WHAT YOU ARE ASKED TO DO
Would you please print exactly the lines that run from the one with "Media, PA 19063" to the last line of the data, both included, without any pictures?

EXTRACTED ENTRIES
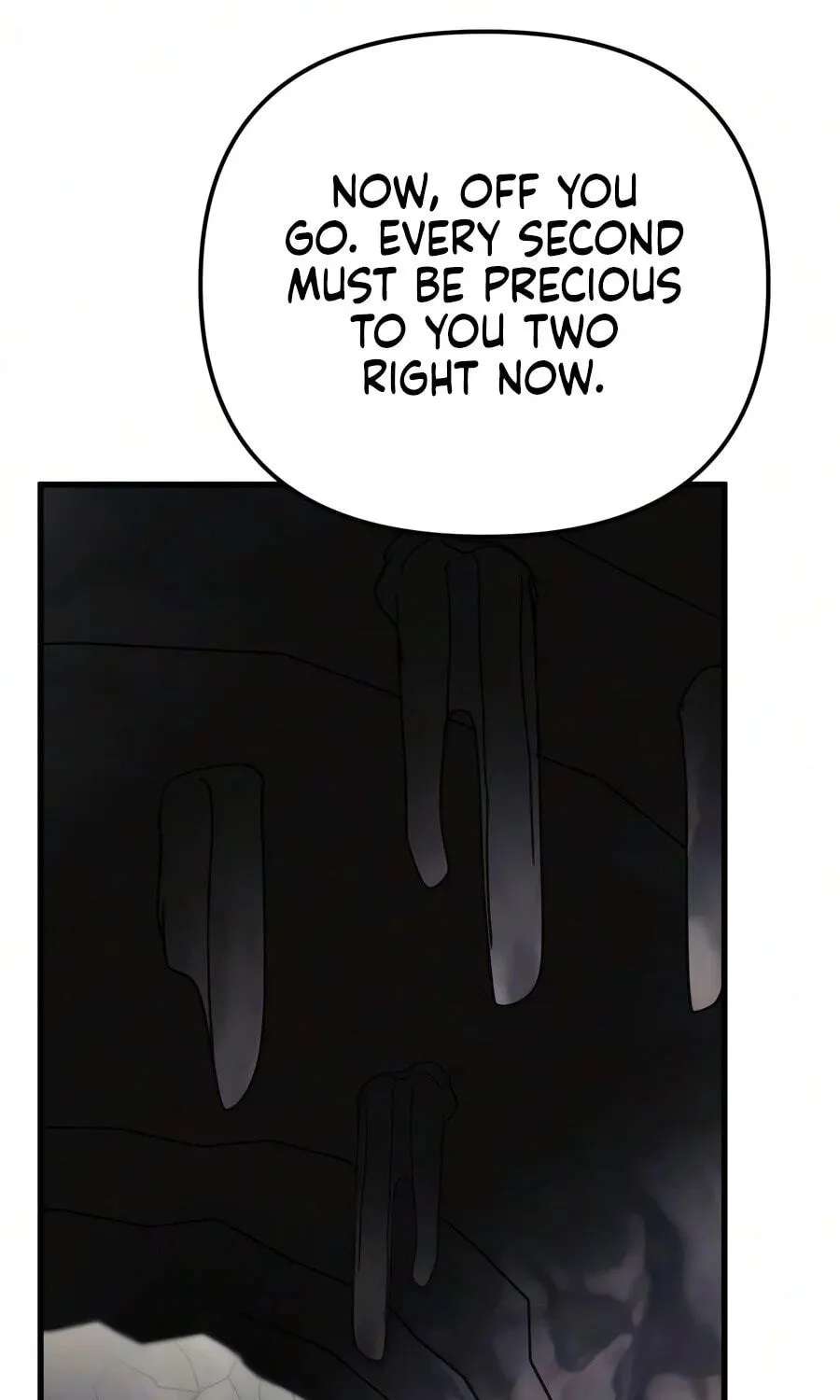 My Dragon Girlfriend Has Returned Chapter 7 - page 227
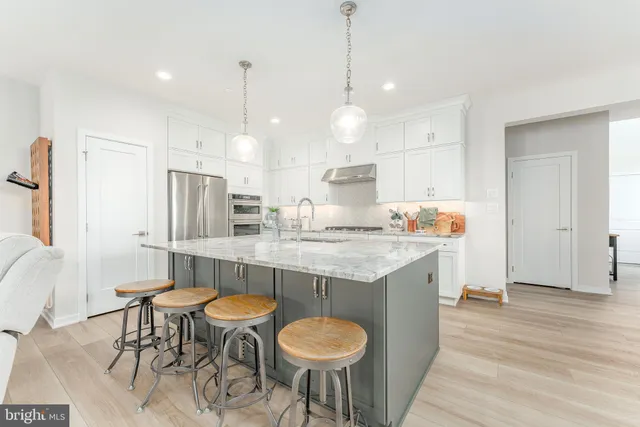 $850,000 | 117 Segel Drive, Media, PA 19063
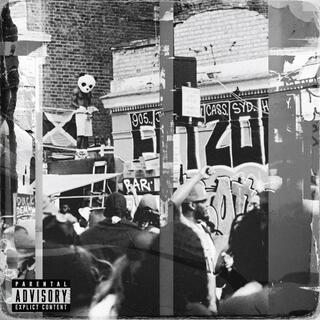 ZOO CITY SOUND SYSTEM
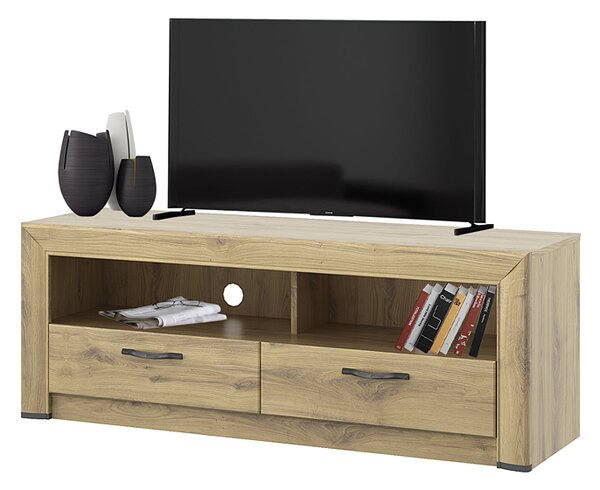 Stojąca szafka rtv G9-E13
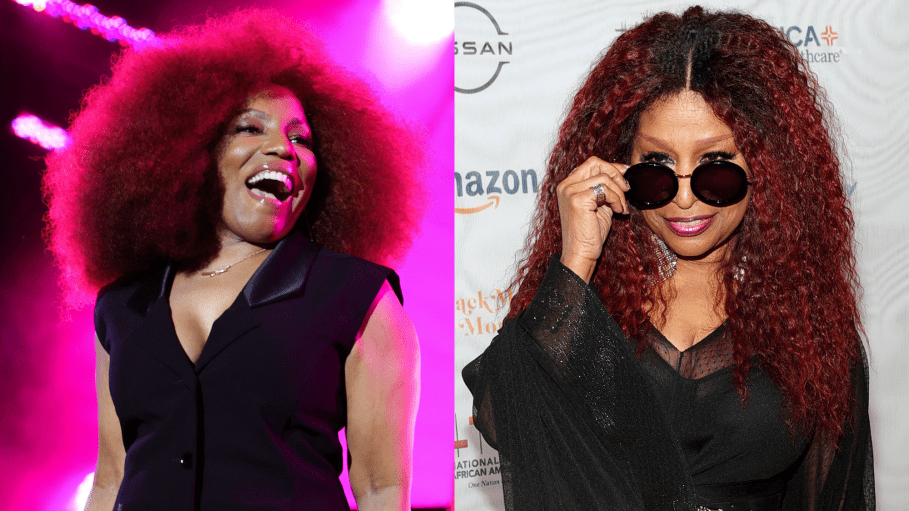 chaka-khan-vs-stephanie-mills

EXPECTED ANSWER
 $850,000 | 117 Segel Drive, Media, PA 19063
 ZOO CITY SOUND SYSTEM
 Stojąca szafka rtv G9-E13
 chaka-khan-vs-stephanie-mills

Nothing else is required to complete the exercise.